§ Task item: Of the material below, only the lines from the line containing "Tim Rogerson Celebrate the" down to the line containing "Street Triple 765 RX" belong in the answer, written out exactly.

§ Extracted material:
+ + + + + + +
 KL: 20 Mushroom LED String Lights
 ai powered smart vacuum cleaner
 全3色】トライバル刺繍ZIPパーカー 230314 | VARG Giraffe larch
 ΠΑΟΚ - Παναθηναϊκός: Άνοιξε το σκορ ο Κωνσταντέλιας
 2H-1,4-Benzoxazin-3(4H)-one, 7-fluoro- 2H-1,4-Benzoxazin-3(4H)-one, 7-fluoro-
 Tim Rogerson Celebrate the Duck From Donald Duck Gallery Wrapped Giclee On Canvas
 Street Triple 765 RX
+ + + + + + +
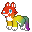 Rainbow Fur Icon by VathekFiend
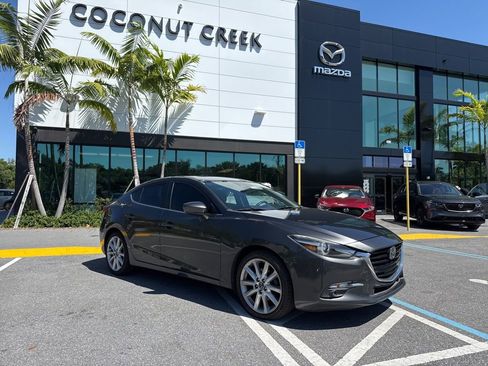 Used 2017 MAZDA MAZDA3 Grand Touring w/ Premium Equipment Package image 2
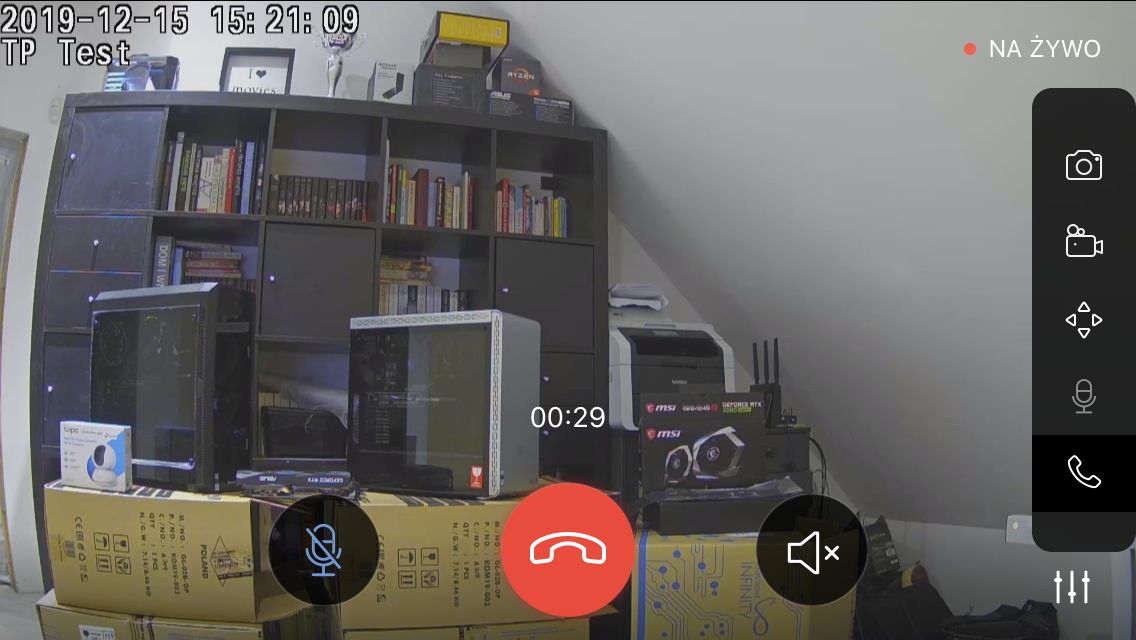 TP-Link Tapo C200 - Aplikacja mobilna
+ + + + + + +
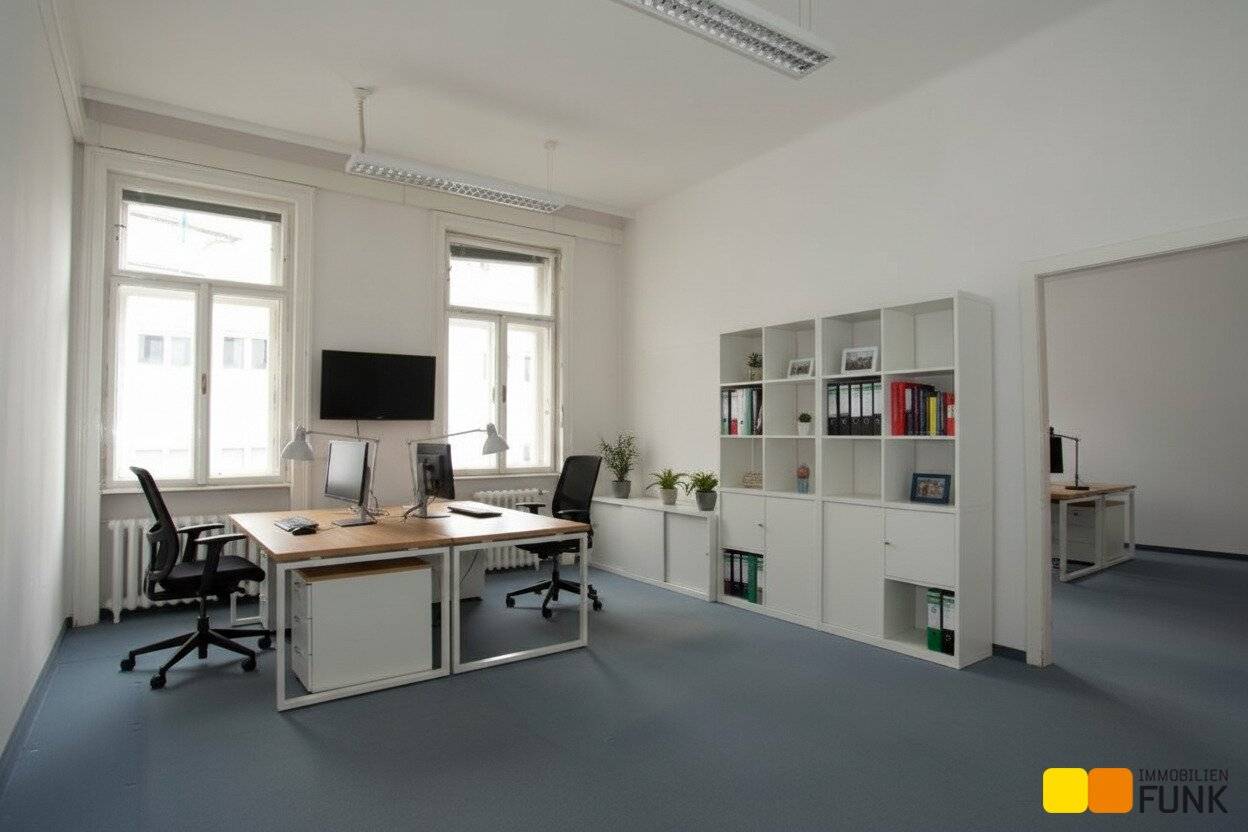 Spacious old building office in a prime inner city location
+ + + + + + +
§ Answer space:
 Tim Rogerson Celebrate the Duck From Donald Duck Gallery Wrapped Giclee On Canvas
 Street Triple 765 RX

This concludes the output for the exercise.